(What the task requires) Every entry should be reproduced precisely, with each picture left out.

####

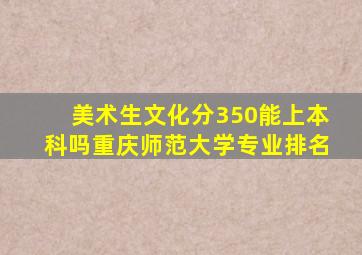 美术生文化分350能上本科吗重庆师范大学专业排名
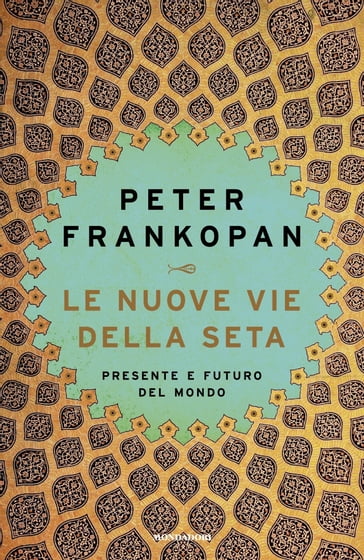 Le Nuove Vie della Seta - Peter Frankopan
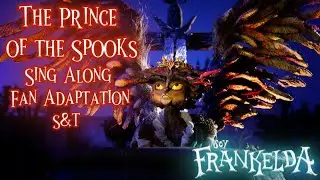 I Am Frankelda | The Prince of the Spooks | English Fan Adaptation Singalong | S&T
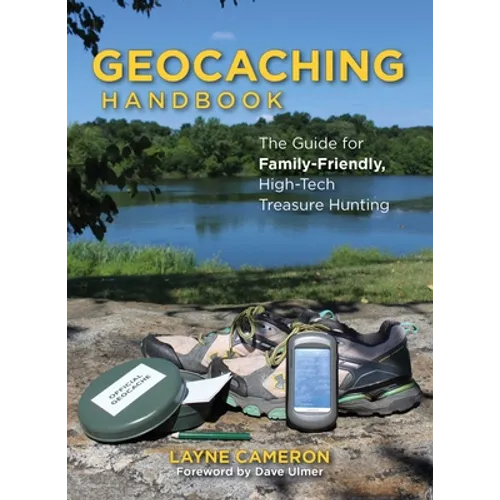 Geocaching Handbook: The Guide for Family-Friendly, High-Tech Treasure Hunting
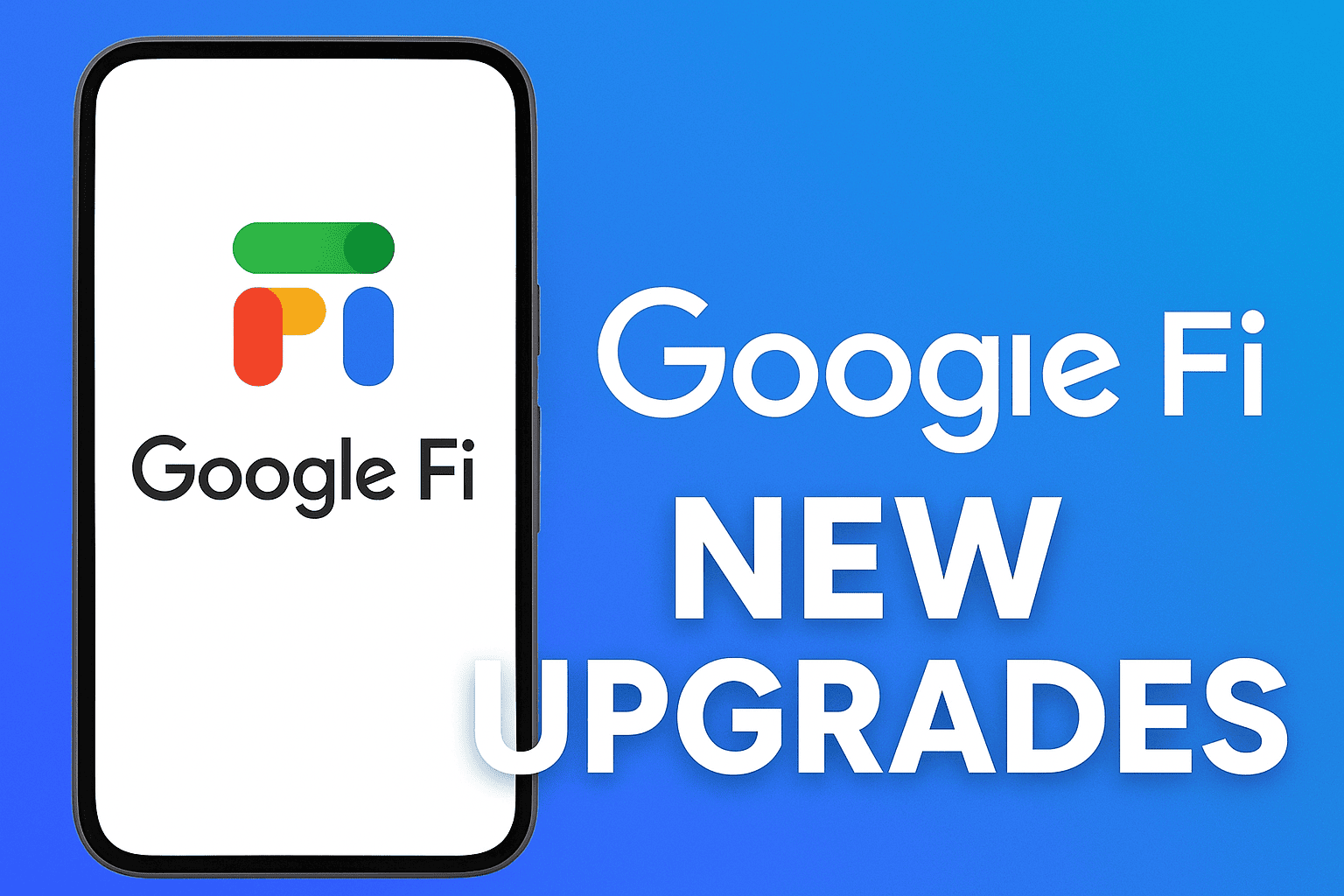 Google Fi is rolling out some impressive new upgrades designed to make your life a whole lot easier - BERITAJA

####

(Task result)
 美术生文化分350能上本科吗重庆师范大学专业排名
 Le Nuove Vie della Seta - Peter Frankopan
 I Am Frankelda | The Prince of the Spooks | English Fan Adaptation Singalong | S&T
 Geocaching Handbook: The Guide for Family-Friendly, High-Tech Treasure Hunting
 Google Fi is rolling out some impressive new upgrades designed to make your life a whole lot easier - BERITAJA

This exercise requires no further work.